フィアラの願い
くすんだ青緑色の水面を、フィアラは一人きりで見つめていた。
あの人は来るかしら。いいえ、きっともう・・・。
フィアラは手元にあった小石をつまみ上げ、沼に投げ込んだ。
どうしてなの、どうしてこんなに悲しいの。もうすぐ願いが叶うんじゃない。そうよ、もうすぐ・・・願いが叶うわ。
フィアラは一つ、また一つと小石を沼に投げ込んでいた。
しばらくそうしていると、足音が聞こえた。
それに気付いた瞬間、急に胸が熱くなって、フィアラは思わず戸惑った。それに、どうしようもなく鼓動が騒ぎだした。
フィアラは、本当のことを慌てて心の奥にしまい込むと、それから無理に落ち着こうとした。

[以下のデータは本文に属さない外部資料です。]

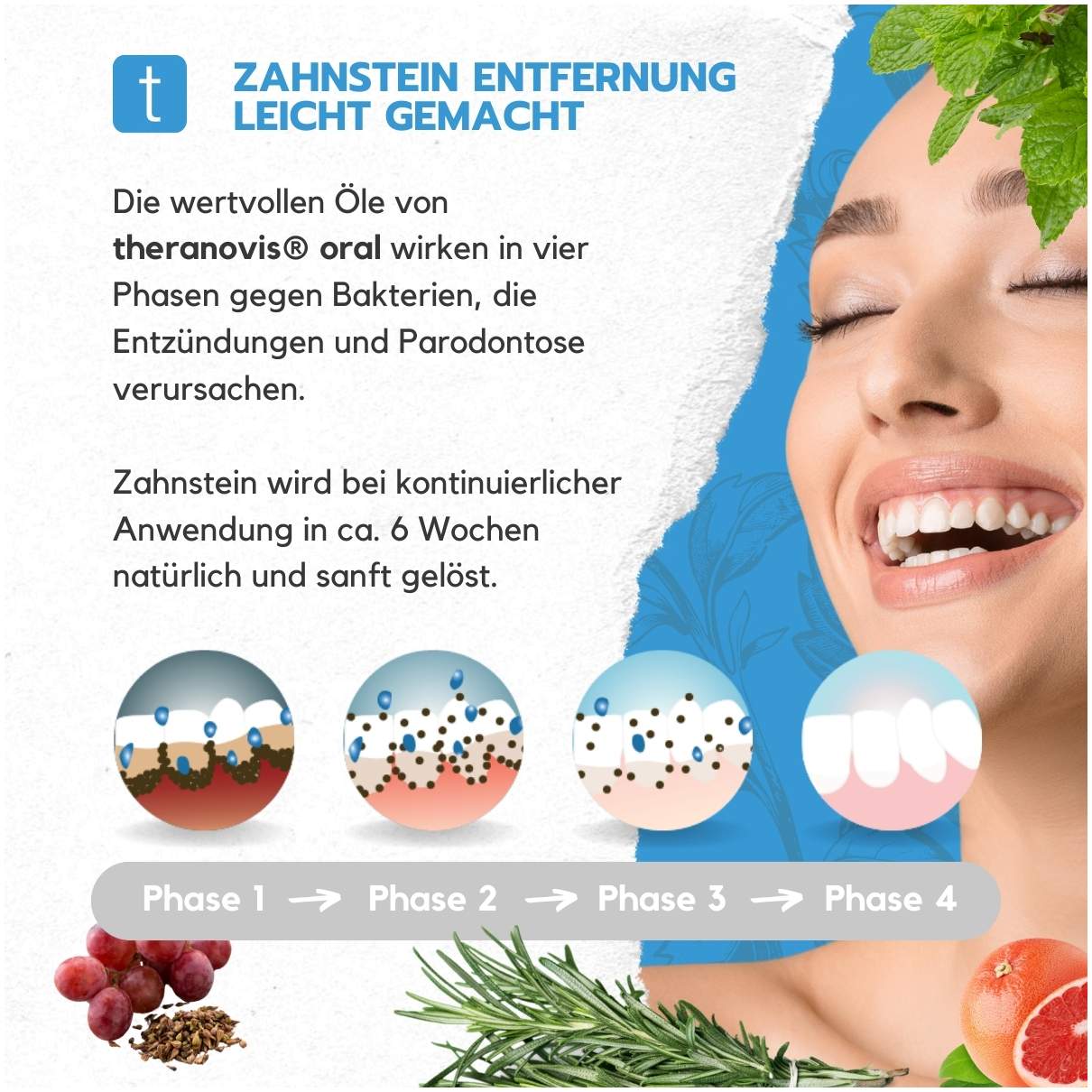 Theranovis Zahnstein Spray 65 ml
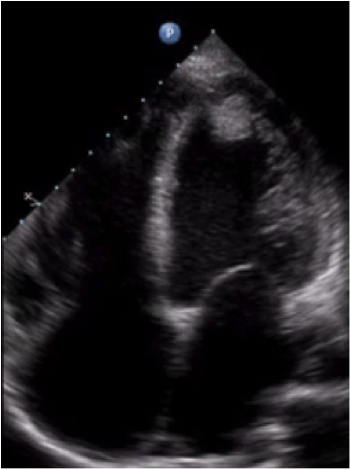 ultrasound of heart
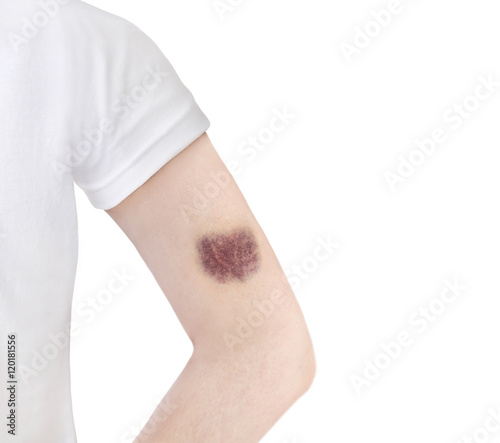 Woman arm with heart-shaped bruise - gender issues concept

その気配は、忍び寄るように静かだ。おどおどと遠慮がちに近づいてくるような。
フィアラはゆっくりと肩越しに振り返った。
思った通りの姿があった。今日の彼は笑顔も見せず、困ったような気弱な表情で立っている。
フィアラは呆れた、というようにまた視線を沼に戻して、わざと不愛想な態度で言った。
「あなた・・・また来たの。どうして私に構うの。」
「それは・・・。」
フィアラは、しどろもどろに答える彼の声を背中で聞いた。再度振り向く気はなかった。
カイルは言葉を詰まらせたきり、何も言えないでいる。
それでフィアラは水面を見つめたまま、「医者だからね。病人を放っておけないんでしょ。」と、そっけなく言った。
「違うよ、それだけじゃあ・・・。」
カイルは自分に腹が立った。何とか説得したくてやってきたというのに、やはり上手く伝えることができない。心に響く言葉が分からない。カイルは焦って、つい思いついたままを口にした。

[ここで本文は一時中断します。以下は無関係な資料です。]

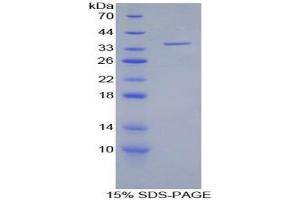 SDS-PAGE analysis of Human LFA1A Protein. (ITGAL Protéine)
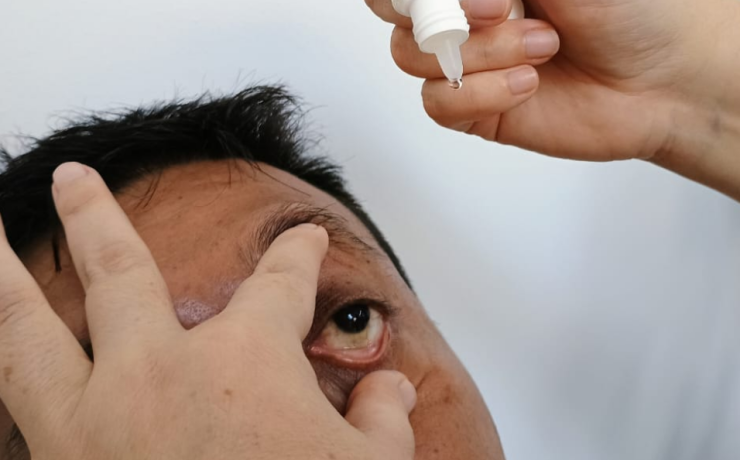 Descartan alerta por conjuntivitis en Campeche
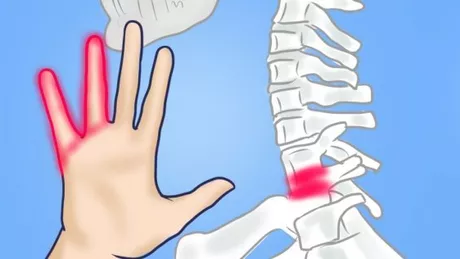 Amortirea mainilor - un semnal important ca trebuie sa mergeti la medic. 7 cauze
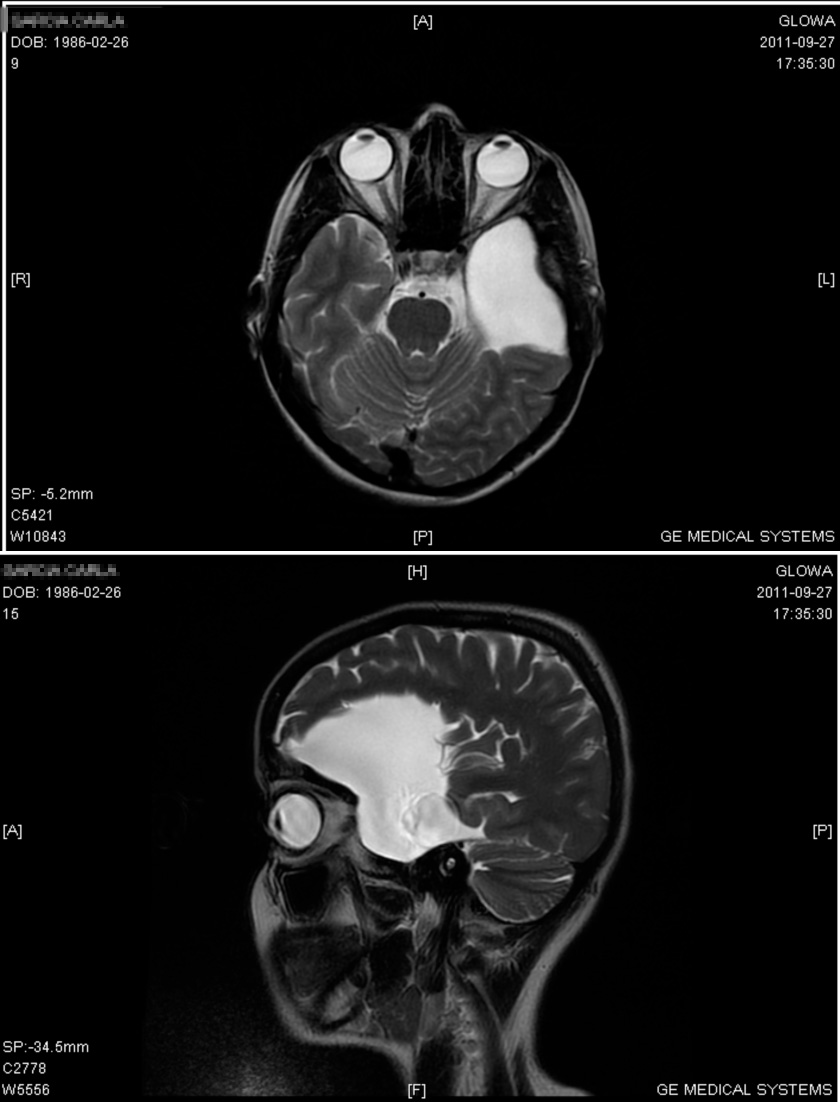 Brain Cyst Treatment: Types, Surgery & Monitoring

「ねえ、僕とリサの村へ行こうよ。君に友達を紹介したいんだ。それに今日は祭りの ――」
「よして! 見せたくないわ、こんな顔。」
フィアラの肩に手をかけようとしていたカイルは、突き飛ばされたような衝撃を受けて足をすくませた。
フィアラが右目だけをカイルに向けた。
「それにね、カイル、私、この森が好きなの。離れたくないのよ。私は、この森の空気に包まれているだけで幸せ。」
「嘘だ!」
「嘘じゃないわ。カイル、私の望みはね、この森の風になることなのよ。あの暖かくて優しい風になりたいの。強く願っていればきっと神様に届いて、私を哀れんで、この身体を風に変えてくれるって信じてる。じきに叶う望みなの。だって、きっと・・・もうすぐ死ねるから。」
思わず怒鳴ったものの、カイルはまた何も言えなくなり、黙った。
フィアラは心に壁を張り巡らしている。どんな言葉ならいいんだ。どんな言葉なら、彼女の心にそびえる壁を、巧みに乗り越えられるだろう。こんな時、レッドやリューイなら、どんな言葉をかけてあげるだろう・・・。
そうして悩みながら、カイルがただそっと隣に腰を下ろすと、フィアラは悲しげな苦笑を浮かべた。
「私の病気に気付いてから、皆がもっと避けるようになったわ。あんなに親しかった近所のおじさまやおばさまは、頬にキスの挨拶をしてくれなくなった。きっと、うつると思っているのね。」
「病院には行ったの?」
「病院は遠い町まで行かないと無いの。連れて行こうとしてくれてたみたいだけど、時間もお金もかかるから、なんだか悪くて。私、こんな顔で、あの家の子じゃないから・・・。」
カイルは、フィアラに哀れみと好感がわいた。この子は気が弱くて、自分のことより人のことを気にする、とても優しい子なんだな・・・。
「それで、勝手に出てきちゃったの?」
フィアラは小さくうなずいた。
「あ、でも、村に病気に詳しい人がいて、普通に話したり触ったりするぶんには問題ないって。でも・・・。」
フィアラの病気をまだ詳しく知っているわけではないカイルは、何とも言えずに返事をためらい、せめて腕を伸ばして彼女の手を握った。